Insofern die jährliche Preisverleihung neben der Ehrung der jeweils Ausgezeichneten auch eine – wenn auch differenzierte – Ehrung des Namensgebers einschließt, sehe ich meine Freude über den Preis getrübt. Ja, Kunschak war – Achtung Gemeinplatz – eine facettenreiche Persönlichkeit: sozialpolitisch am linken Flügel seiner Partei angesiedelt, stärker pro-demokratisch und anti-faschistisch eingestellt als der Großteil seines Lagers (wobei seine Gegnerschaft zum Faschismus auch jenen der Heimwehr einschloss), unter NS-Herrschaft zweimal inhaftiert, Kontakte zum katholischen Widerstand; gleichzeitig war Kunschak einer der prononciertesten und fanatischsten Wortführer des politischen Antisemitismus im katholischen Lager, wobei er sich einer Rhetorik befleißigte, die von nationalsozialistischer Agitation kaum zu unterscheiden war.

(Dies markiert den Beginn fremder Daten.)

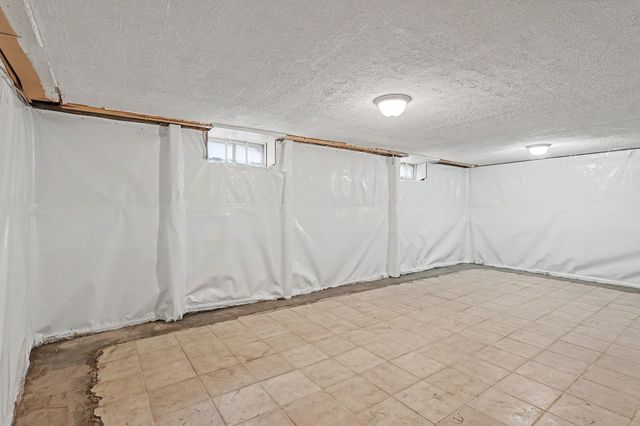 273 S Dellrose, Wichita, KS 67218
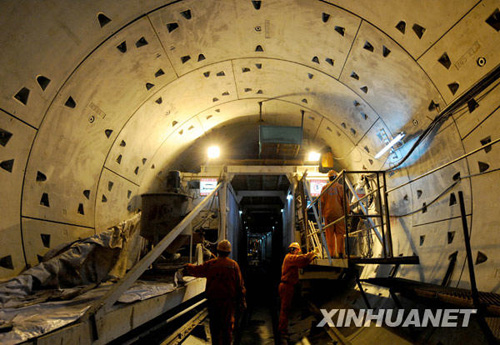 郑州地铁工程建设全面展开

Die umstrittene Frage, ob Kunschak seinen Antisemitismus auch nach 1945 beibehalten hat*, ist meines Erachtens keineswegs belanglos, nicht aber ausschlaggebend für die Beurteilung seiner Eignung als Namensgeber einer Ehrung, die nach dem Zivilisationsbruch Auschwitz und u. a. für Arbeiten zur Förderung des „friedlichen Zusammenlebens der Völker“ verliehen wird. Durchaus im Bewusstsein über Kunschaks Verdienste auf sozialpolitischem Gebiet kann ich die Aufrechterhaltung dieser Benennungspraxis seitens der ÖVP nicht nachvollziehen – umso weniger vor dem Hintergrund, dass wiederholt Arbeiten zur Aufarbeitung des Antisemitismus in Österreich mit dem Preis ausgezeichnet wurden; dass die Auseinandersetzung mit Kunschak seitens des parteieigenen Vogelsang-Instituts oder auch des CV durchaus als differenziert bezeichnet werden kann**; und dass das christlichsoziale Lager fraglos zahlreiche Frauen und Männer hervorgebracht hat, von einer Auszeichnung unter deren Namen sich auch GegnerInnen des Antisemitismus geehrt fühlen könnten.

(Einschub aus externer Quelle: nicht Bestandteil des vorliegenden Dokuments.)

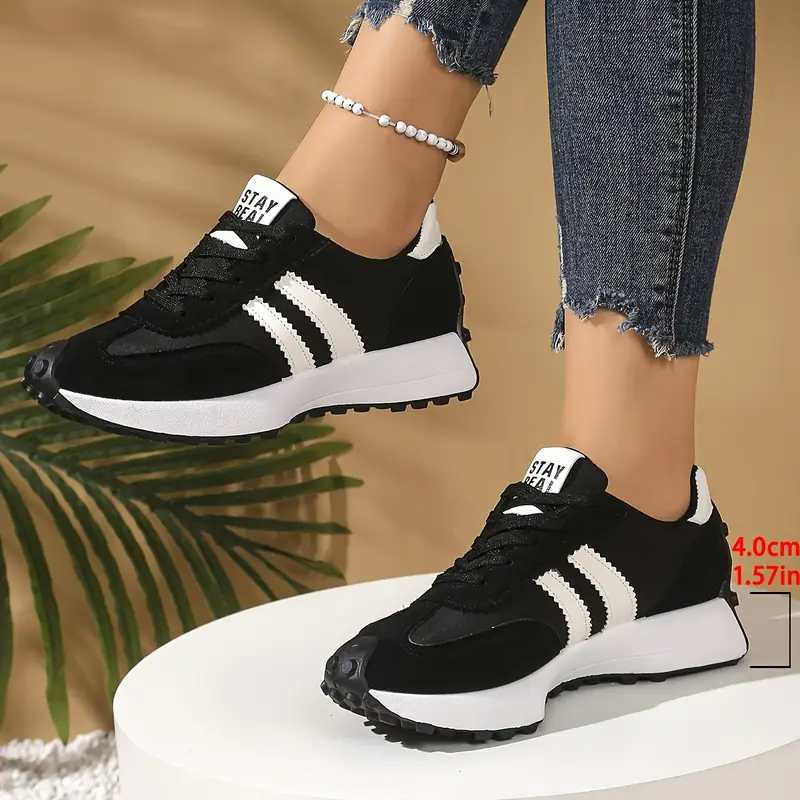AriaViva™ – Le sneakers che coccolano il tuo passo.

Vor dem Hintergrund des dargestellten Zwiespalts freue ich mich, die gesamte Preissumme zu gleichen Teilen den folgenden Einrichtungen bzw. Zwecken zuführen zu können: ESRA, das als psychosoziales Zentrum der jüdischen Gemeinde Wiens die Spätfolgen dessen bearbeitet, was Rhetorik wie jene Kunschaks vorbereiten half; der Realisierung einer geplanten Publikation meiner Forschungsgruppe (FIPU) zu historischen und aktuellen Formen des Antisemitismus; dem Verein Romano Centro, weil er hervorragende Arbeit für die Interessen einer weiteren europäischen Minderheit mit umfangreicher Diskriminierungserfahrung – Roma und Romnja – leistet; sowie dem Projekt Sisters Against Violence Europe, weil es eminent wichtig (und gleichzeitig zuwenig bekannt) ist.

Bernhard Weidinger

* Vgl. zur Debatte und zum Antisemitismus Kunschaks allgemein die 2013 im STANDARD ausgetragene Kontroverse zwischen Kurt Bauer und Paul Mychalewicz.

** Dies gilt interessanter Weise nicht in selbem Maße für den Umgang des Vogelsang-Instituts mit seinem Namensgeber Karl von Vogelsang, einem weiteren katholischen Sozialreformer, und dessen Antisemitismus.